CHRIS ROGERSON (photo credit: Christian Steiner)

Chris Rogerson

A refreshing talent: Chris Rogerson (1988-) has been hailed by The New York Times as a “confident new musical voice,” and by the Washington Post as a “fully-grown composing talent.” Indeed, from a distinguished musical education at the Curtis Institute of Music, Yale School of Music and Princeton University, Rogerson, in 2012, has been honored with the Charles Ives Scholarship from the American Academy of Arts and Letters. He has won numerous awards including the Aaron Copland Award.

Backstory: Luminosity was commissioned by the Buffalo Philharmonic Orchestra. It has been performed by the Atlanta and Grand Rapids symphony orchestras and the Bach Festival Orchestra.

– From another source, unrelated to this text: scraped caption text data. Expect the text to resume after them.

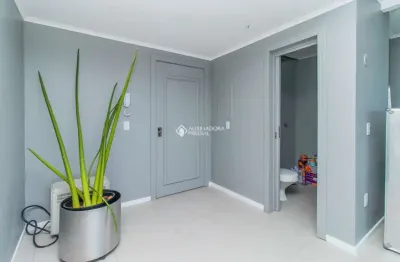 Sala comercial à venda na avenida augusto meyer, 163, auxiliadora, porto alegre, 32 m2 por r$ 315.000
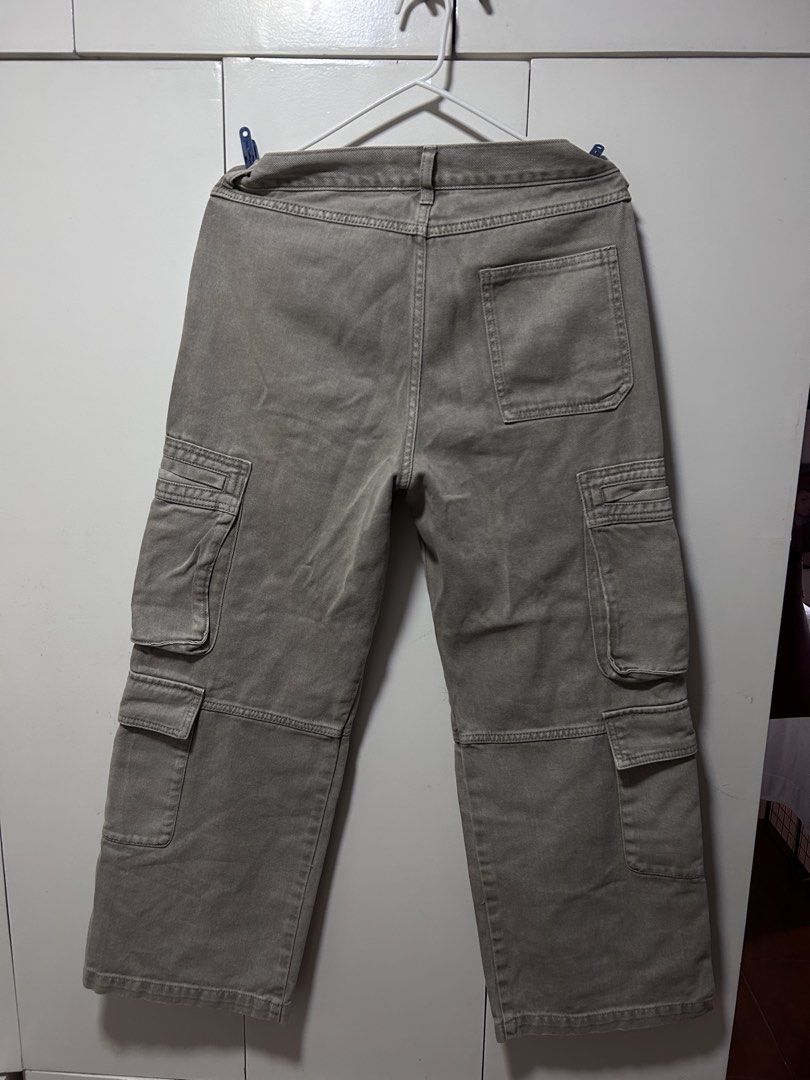 H&m Cargo Pants (Category: Jeans) located in Dasmarinas. Submitted by abugs (Listing ID 1467203049, Image 2). Description: .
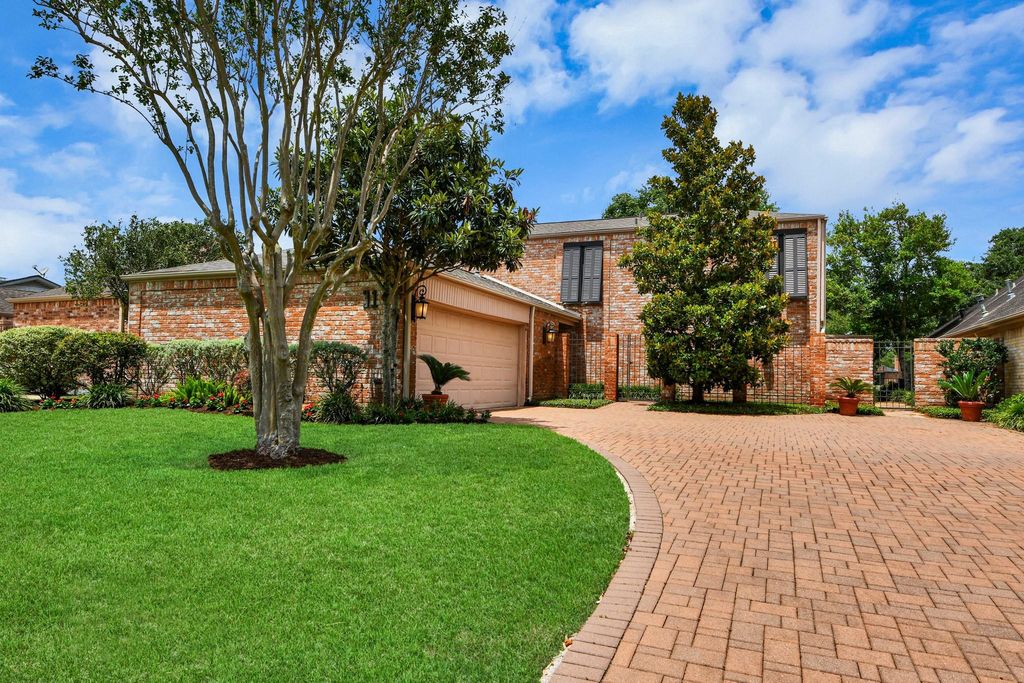 31 Bendwood Drive, Sugar Land, TX 77478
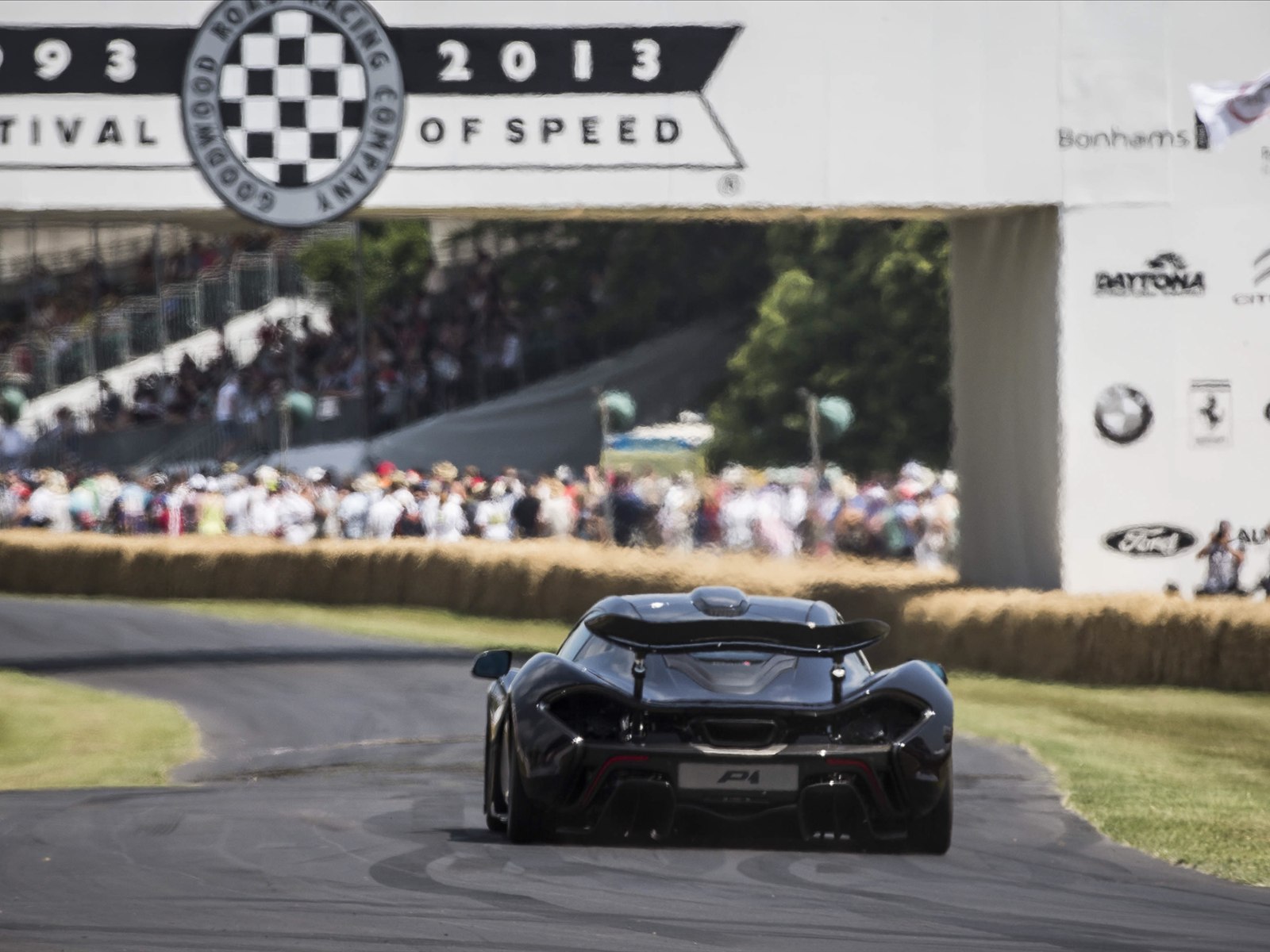 McLaren P1 2014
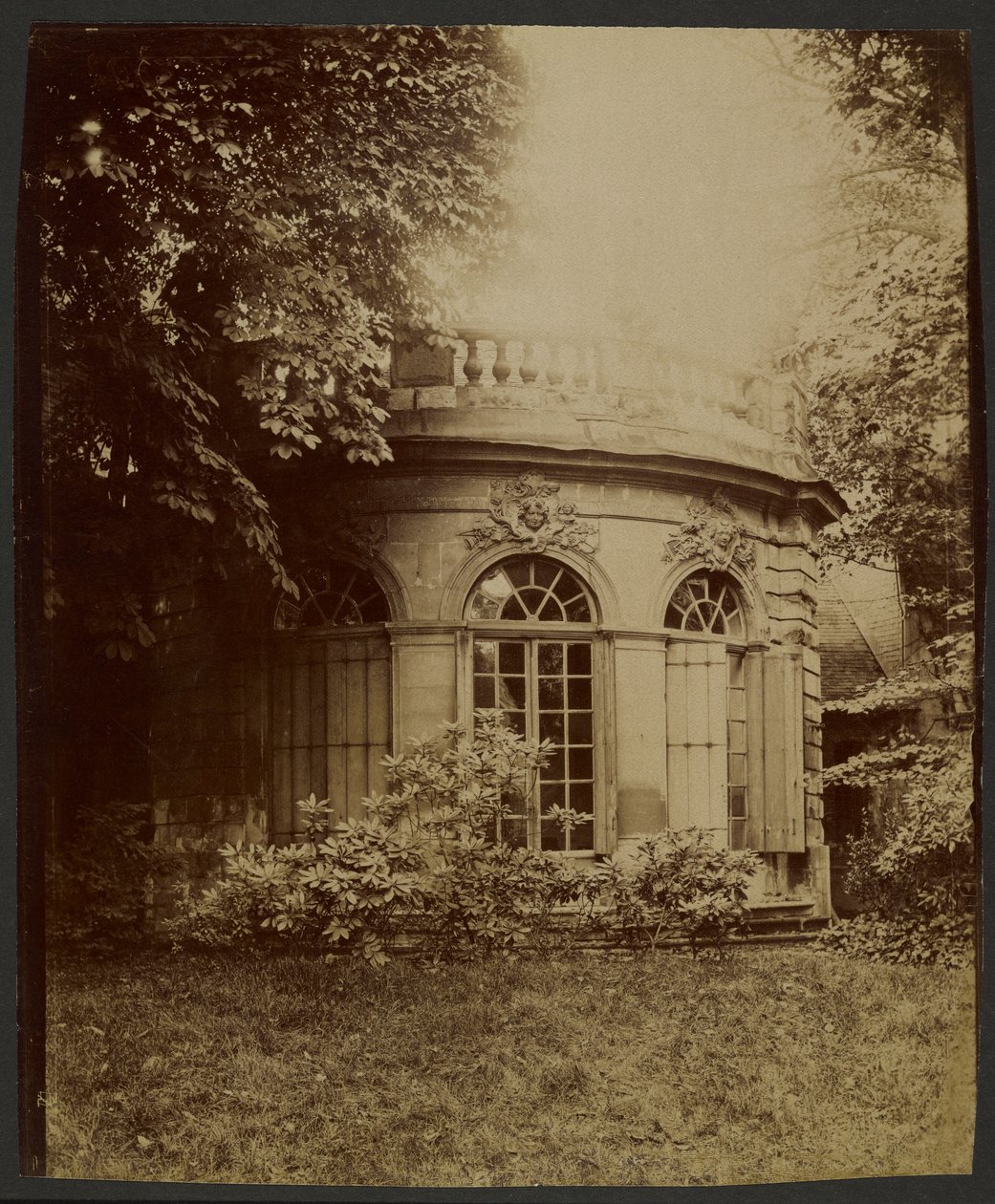 Rouen, paviljoen, Rue du Faucon 1 door Eugène Atget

Listen for this: A sprightly four minutes, Rogerson’s work unleashes daring virtuosity with remarkable orchestral colors. He employs modest forces but maximizes the orchestra’s sound palette through unique uses of percussion, accompaniment figures and dynamic contrasts.

Sergei Prokofiev
Romeo and Juliet: Suite Nos.1 & 2

A rocky launch: In 1934, the Kirov Theater in Leningrad suggested to Sergei Prokofiev (1891-1953) that he compose a full-length ballet to Shakespeare’s Romeo and Juliet. The confused and frustrating history of this great ballet started right then. As it turned out, the Kirov company backed out of its arrangement with the composer, and he signed a contract with Moscow’s Bolshoi Ballet. However, after hearing the first version of the music to Romeo and Juliet, the Bolshoi declared it “undanceable” and nullified its agreement with Prokofiev.

At that point, Prokofiev decided to salvage what music he could and set about extracting the two Romeo and Juliet suites, which premiered in 1936 and 1937. Eventually, the complete ballet was produced in 1938—but in Brno, Czechoslovakia, not in Russia. Two seasons later, the Kirov Theater presented the Russian premiere.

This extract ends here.